» **Source data**
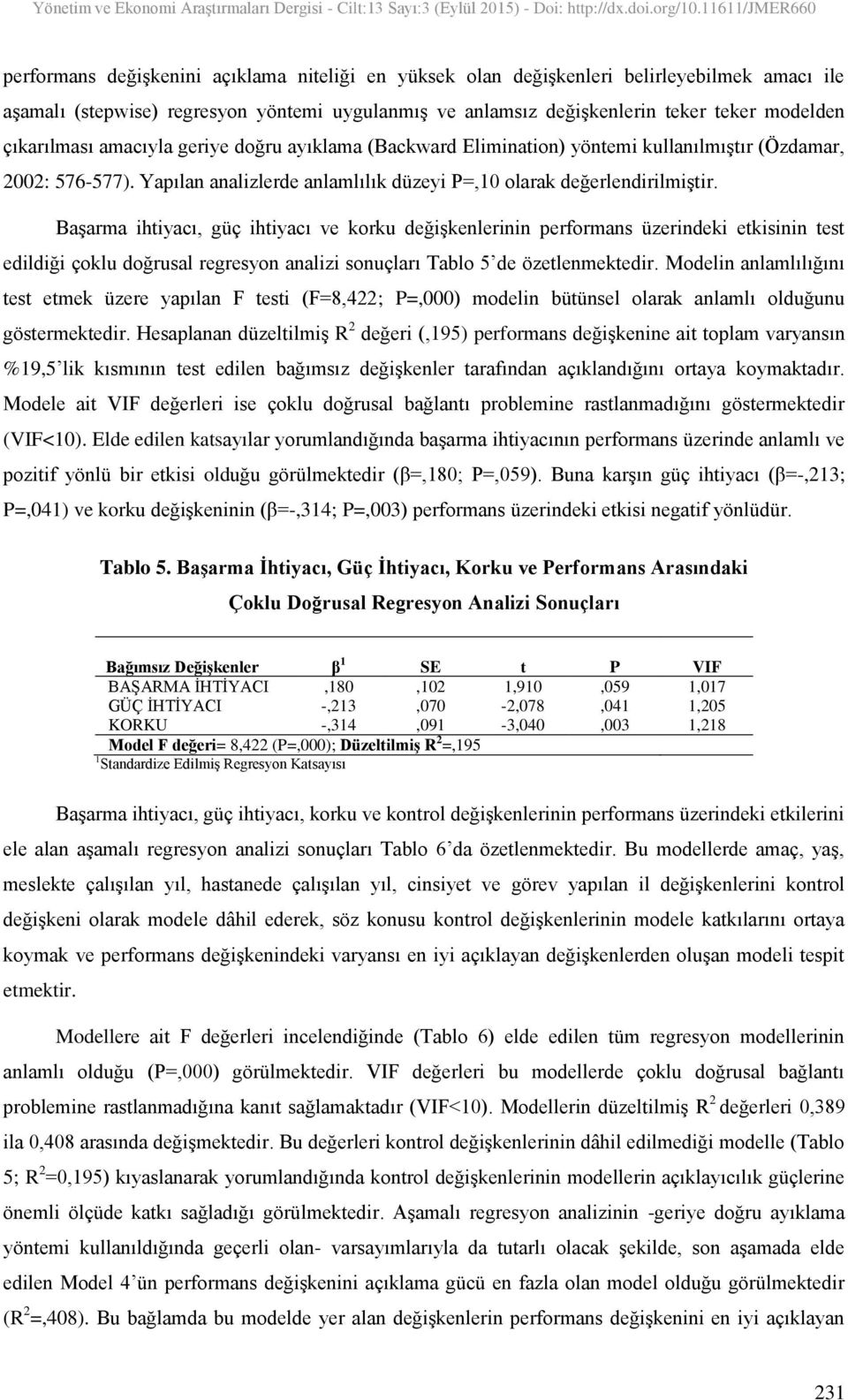 BaĢarma ihtiyacı, güç ihtiyacı ve korku değiģkenlerinin performans üzerindeki etkisinin test edildiği çoklu doğrusal regresyon analizi sonuçları Tablo 5 de özetlenmektedir.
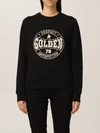 Golden Goose Logo-embroidered Cotton Sweatshirt In Black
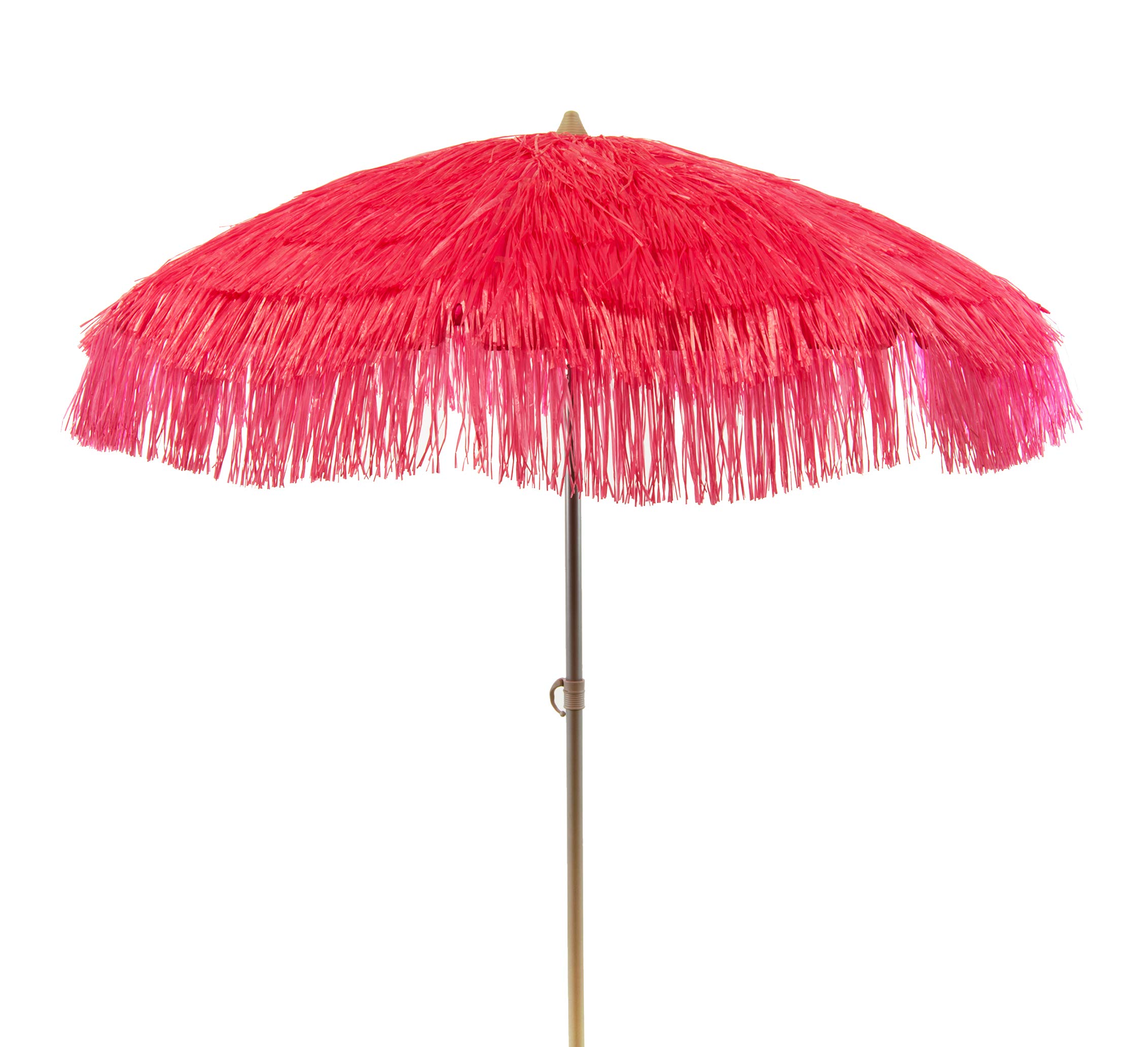 Heininger 1265 DestinationGear Palapa Tiki Pink 6 ft Outdoor Patio Umbrella - Perfect for Beach, Poolside, Backyard, and Garden Shade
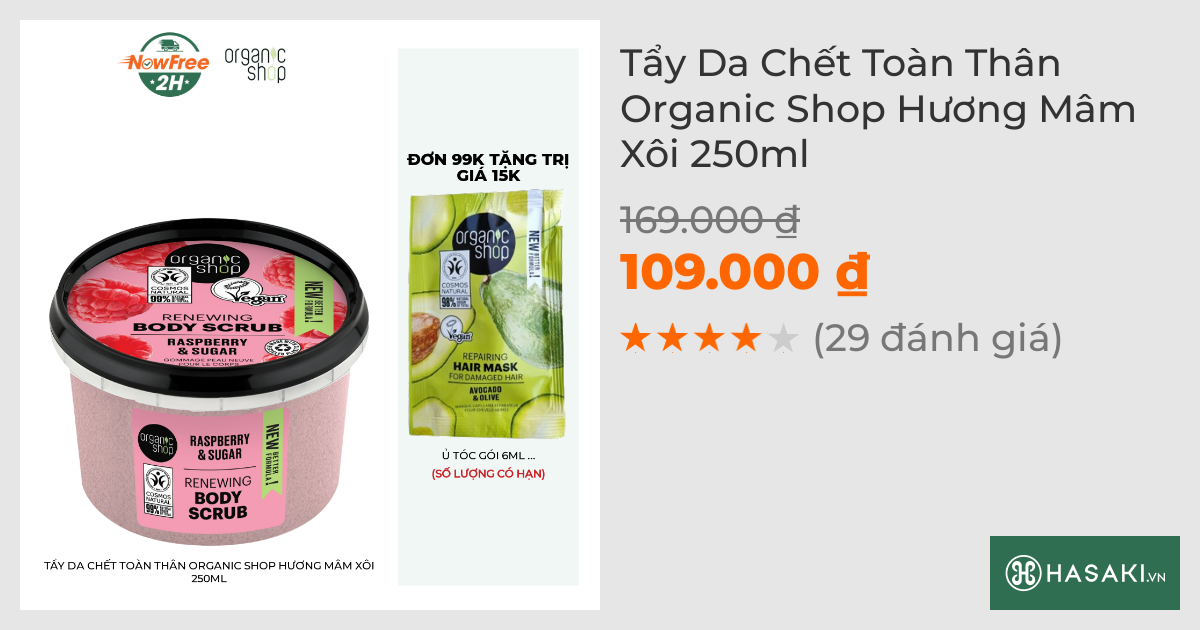 Tẩy Da Chết Toàn Thân Organic Shop Hương Mâm Xôi 250ml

» **Problem**
Print the whole listing exactly. No pictures belong in the copy.

» **Answer section**
 BaĢarma ihtiyacı, güç ihtiyacı ve korku değiģkenlerinin performans üzerindeki etkisinin test edildiği çoklu doğrusal regresyon analizi sonuçları Tablo 5 de özetlenmektedir.
 Golden Goose Logo-embroidered Cotton Sweatshirt In Black
 Heininger 1265 DestinationGear Palapa Tiki Pink 6 ft Outdoor Patio Umbrella - Perfect for Beach, Poolside, Backyard, and Garden Shade
 Tẩy Da Chết Toàn Thân Organic Shop Hương Mâm Xôi 250ml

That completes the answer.